Rispondendo ad una domanda di Maurizio Solinas, che gli chiede di ripetere la definizione di libertà data tramite un’intervista apparsa sull’Unione Sarda, Bocchetta usa parole audaci e che fanno molto riflettere “Libertà è solitudine. Non puoi essere libero se il tuo vicino dipende da te. Non sono liberale, non sono liberista, sono un liberatore” ed aggiunge una domanda “Cos’è la giustificazione, parola troppo spesso usata? E’ fare giusto ciò che non è giusto. … In inglese esiste una parola, remedy, che significa rendizione, restituzione….Un crimine non va punito, va recuperato”
Una storia simile a Bocchetta l’ebbe Giovanni Solinas. Tenente degli Alpini, convinto da Pietro Meloni (leggi Tottus in Pari 5-5-2012) a passare da credo “azionista” a “comunista”. Un giorno viene invitato ad iscriversi all’ANPI da tale Bruno improvvisatosi patriota, Solinas respinse sdegnato la proposta perché conosceva fin troppo bene il personaggio: renitente alla leva passò l’ultimo anno di guerra nascosto e sfamato nella soffitta della famiglia Solinas. Giovanni invece aveva usato le armi contro i fascisti ed i tedeschi.
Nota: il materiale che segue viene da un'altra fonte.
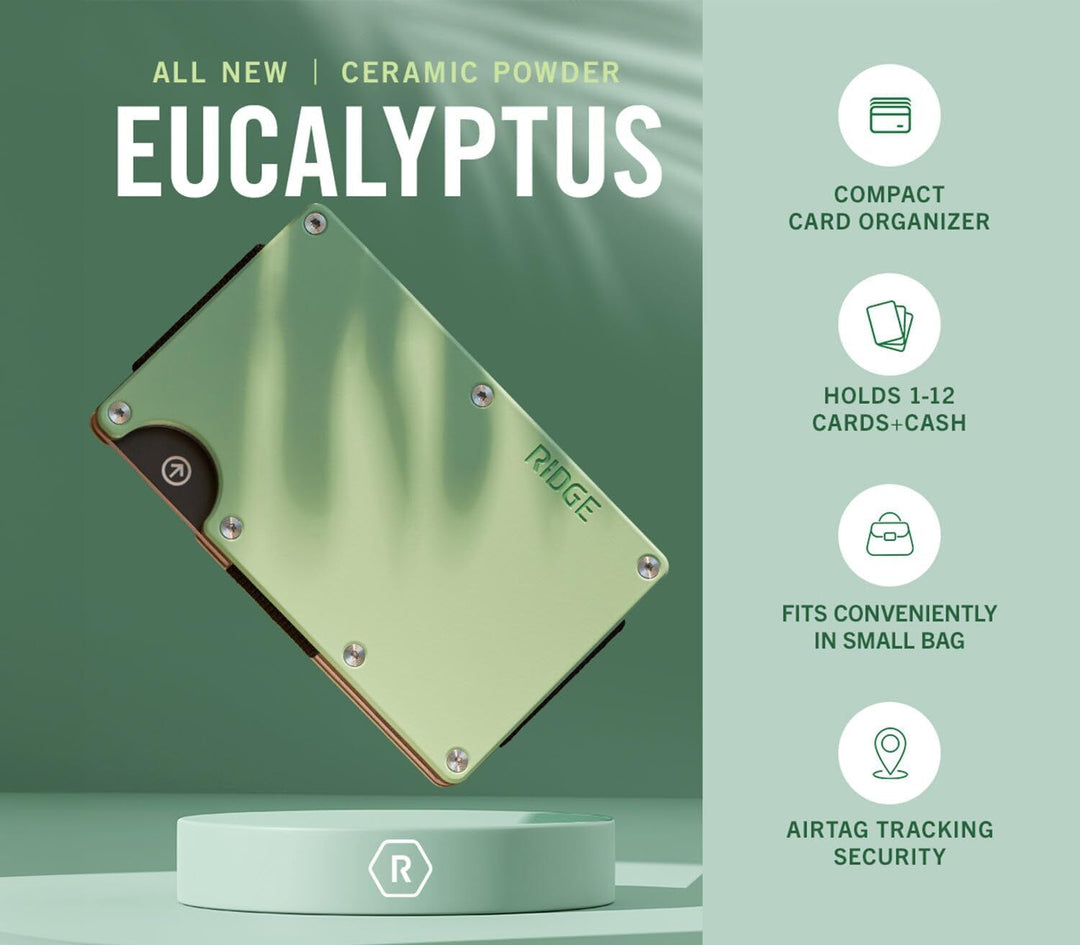 ridge wallet aluminum - money clip | eucalyptus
La cronaca del tempo segnala i fatti più importanti di cui fu protagonista Solinas: “4 luglio 1944 – Roverè Veronese, località Albero Matto, attacco al comando GNR con disarmo e bottino; 13 luglio 1944 –San Bortolo delle Montagne, località Zovo, scontro armato con i nazi-fascisti che per rappresaglia rastrellavano nella zona alcuni civili, vi furono parecchi nemici uccisi e grasso bottino d’armi pesanti; 9-15 settembre 1944 rastrellamento di alcune valli della Lessinia per liberarle dalla presenza dei nazi-fascisti; 24-30 aprile 1945 rastrellamento della zona tra l’Adige ed il Lago di Garda con disarmo di truppe tedesche in fuga, liberazione di Bardolino del Garda”. Aver rifiutato la tessera dell’ANPI lo rese inviso al reparto investigativo della polizia partigiana di Verona che lo screditò, perciò, nonostante le testimonianze, i molti attestati di stima e di merito, gli venne riconosciuta la qualifica di partigiano combattente solo nel 1977, peccato fosse morto da quattro anni.
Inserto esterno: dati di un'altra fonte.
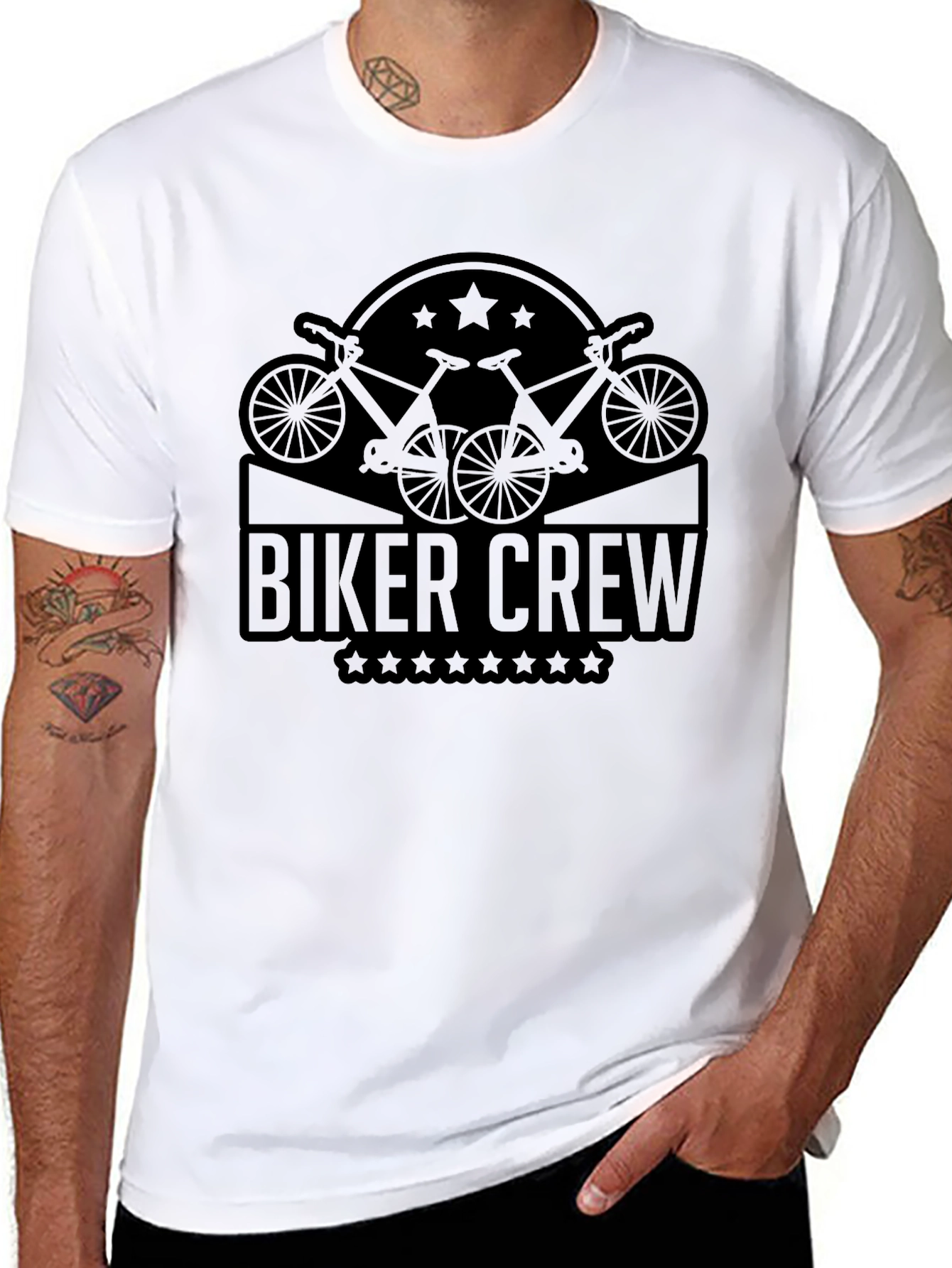Biker Crew T-Shirt - Cycling Design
Solinas, allora giornalista, con Bocchetta ed alcuni amici poeti e bravi disegnatori, tra i quali Mario Salazzari che divenne uno dei maggiori scultori veronesi (sue opere più conosciute: Monumento al Partigiano e i magnifici Cavalli del Ponte della Vittoria), animarono la vita di Verona, nel periodo dell’occupazione americana, con un giornale satirico molto piccante “Il Mastin della Scala” che metteva in luce le malefatte dei fascisti che si volevano assolvere ed i peccati di chi li voleva assolvere. Non ebbero vita facile, subirono molte intimidazioni e querele, Solinas venne minacciato di morte più volte.
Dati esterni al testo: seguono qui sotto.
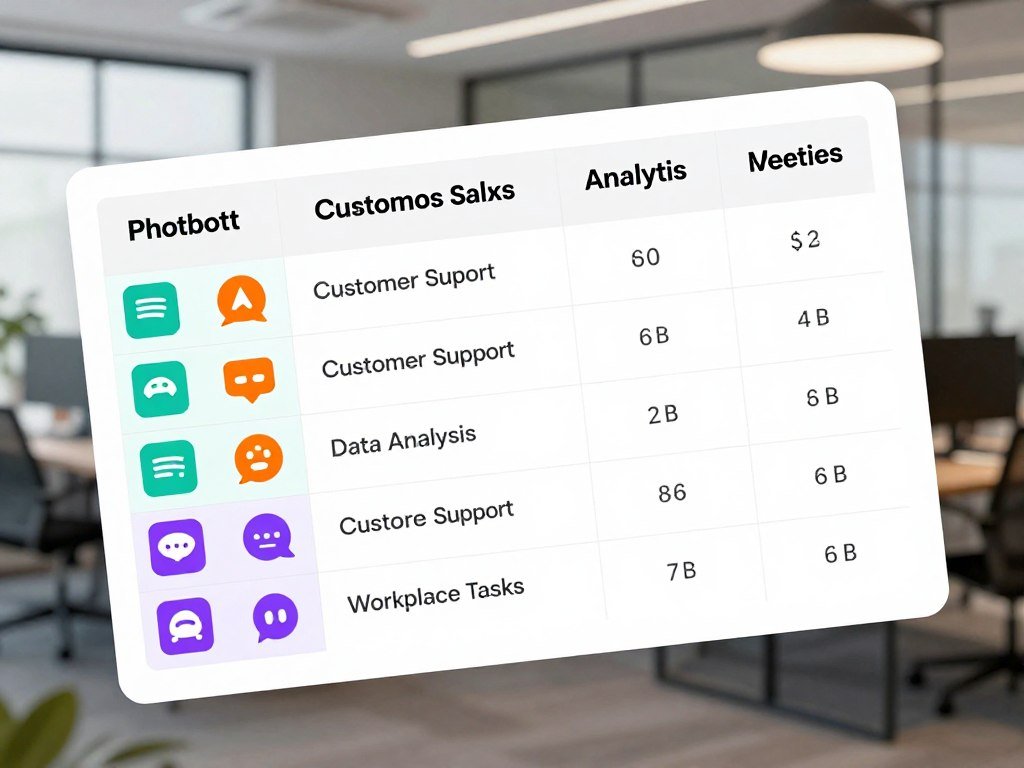 A task comparison table matching chatbots with common work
Due storie epiche tra le tante di emigrati sardi che hanno contribuito a costruire l’Italia libera. Dall’interessantissimo volume di Tonino Mulas “Antifascisti e partigiani sardi” ogni circolo dei sardi dovrebbe trarre spunto per rivalutare costoro, molto spesso dimenticati od oscurati dalla retorica o da figure più note e più facili da ricordare. Una buona occasione? Il prossimo 25 Aprile!